(New York, May 19, 2008) – The United Nations Security Council should impose targeted sanctions on Sudanese officials responsible for attacks against civilians in West Darfur in February 2008, said Human Rights Watch in a new report released today. Following an attack by Darfur rebels on Khartoum on May 10, 2008, Human Rights Watch also expressed concern about possible government reprisals against civilians in West Darfur.
“The destruction of town after town in West Darfur shows that Khartoum has no qualms about committing the same atrocities that we saw earlier in the Darfur conflict,” said Georgette Gagnon, Africa director at Human Rights Watch. “With no rebels to attack, army forces and ‘Janjaweed’ brutally targeted civilians and their property.”
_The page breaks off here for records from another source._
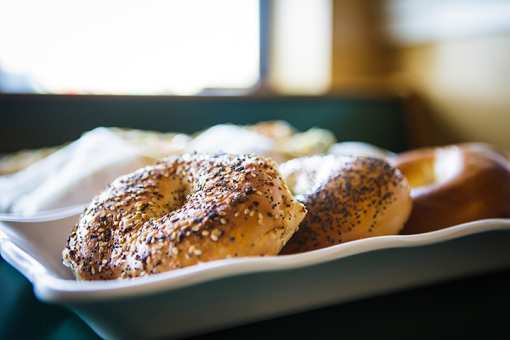 Nevada's Best Bagel Shops to Visit in 2024!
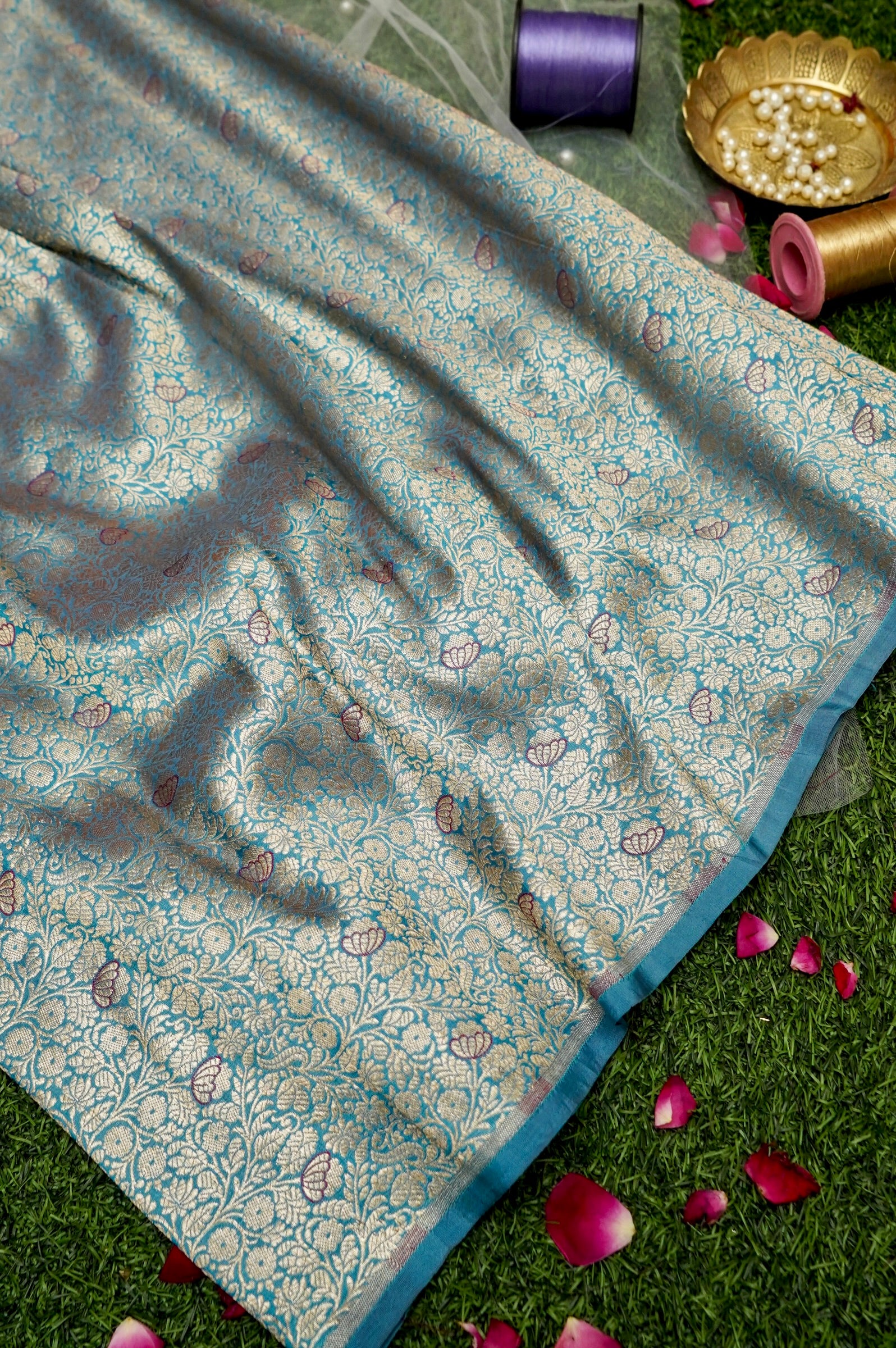 Pure Brocade Banarasi Bud Jaal Fabric in Blue - Khinkhwab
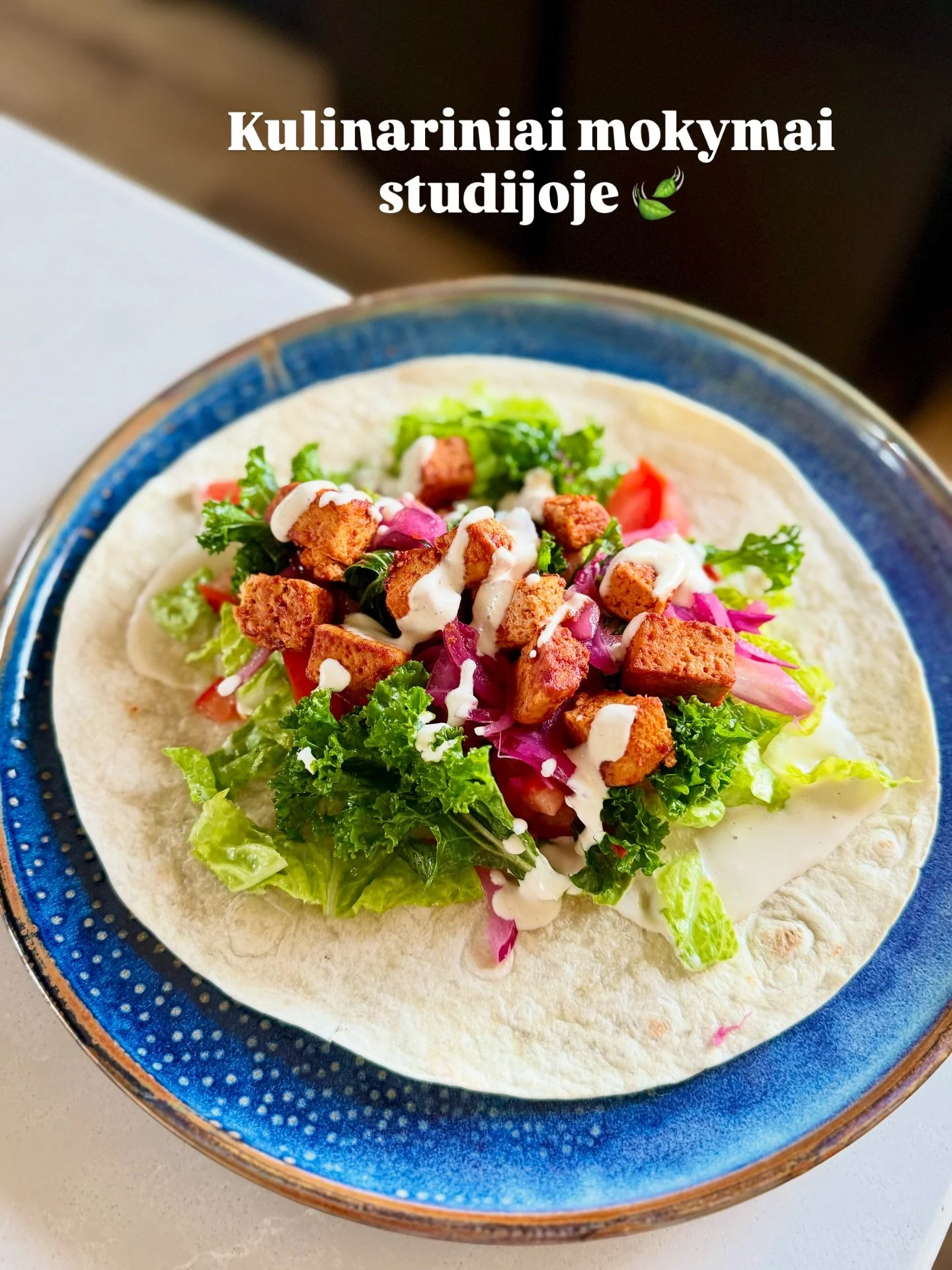 Seniai svajojau tai suorganizuoti&hellip; ir pagaliau galiu pakviesti jus į gyvus augalinius KULINARINIUS MOKYMUS studijoje 🍃

Tai bus ne &bdquo;sausa&ldquo; teorija, o inspiruojantis vakaras. Parodysiu, kaip su minimaliu pasiruo&scaron;imu i&scaron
Human Rights Watch said that Khartoum’s continuing violations of international law highlight the urgent need for the United Nations-African Union peacekeeping mission (UNAMID) to be fully deployed, equipped and trained to effectively protect civilians where they are most at risk.
The report calls on the UN Security Council to impose targeted sanctions on those responsible for the attacks, enforce sanctions it has already imposed, and ensure that UNAMID has adequate resources to effectively protect civilians from attack. The report also calls on the International Criminal Court (ICC) to investigate and prosecute offenses in West Darfur that fall within its jurisdiction.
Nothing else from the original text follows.